August 22nd, 2011 — 1:36am

Re-posted from my WordPress.com blog:

Every Sunday for the past three or four years, I’ve had a personal ritual that took me close to a year to recognize. Each Sunday following church, I require a three to five-hour nap. The nap by itself is nothing remarkable as many people take naps on weekends because the time is available, but I am not a nap person. The only time I end up sleeping during the day is when I’ve gone the last 28 hours without sleep and I have to go to sleep; I don’t nap. Every Sunday, however, I require a nap following church.

This Sunday nap only occurs on Sundays when I go to church. After going the entire month of July without setting foot in my church, I’ve tested this empirically and came to a conclusion I suspected long ago, but never had the opportunity to truly examine.

What’s fascinating is that I’m not doing anything that would require sleep on a Sunday afternoon. I usually get a full-night’s sleep Saturday evenings, the drive to the church doesn’t take any longer than the drive to first-job , I don’t wake any earlier than I do during the week and most weeks I don’t do much more than clap a little, sing with the choir a bit and take notes from the sermon. Logically, there’s no need for this Sunday nap, but when I sit down and really consider what is happening to me each Sunday morning, it makes perfect sense.

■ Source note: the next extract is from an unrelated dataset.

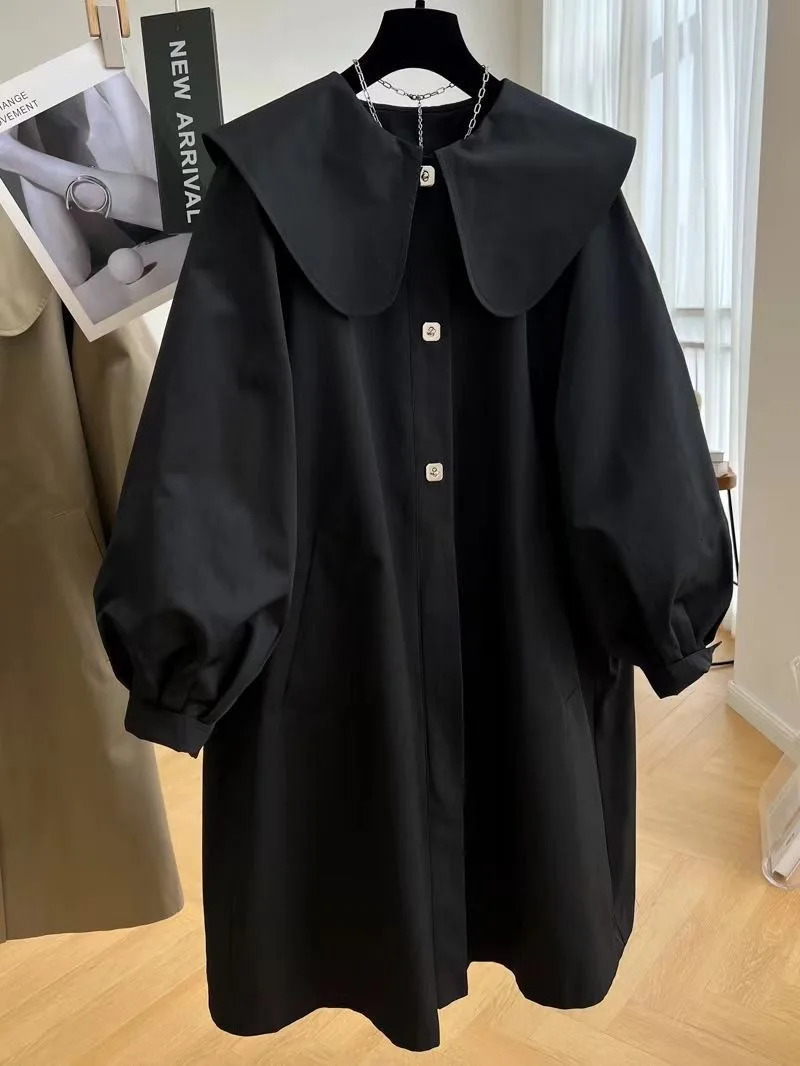 Trench Girls Autumn Doll Collar Windbreaker Coat Korean Solid Color Loose Middle Length Fashion Overcoat Button 240711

My current schedule with first-job makes it virtually impossible to visit my church throughout the week, so the only time when I have an opportunity to enter God’s house with the specific purpose of praise is Sunday morning. Every Sunday, however, I run into a gamut of emotions and “whisperings” in my ear that would prevent me from attending church.

First comes sheer laziness, as my bed is never as warm and comfortable as it is when I have to leave it to go to church in the morning. Adding onto that laziness comes procrastination which comes in the form of everything from checking all my e-mail accounts to perusing every single Facebook update from the past sixteen hours, even those I’d read the previous day, and on occasion even finding my way to StumbleUpon or Twitter to really waste the morning.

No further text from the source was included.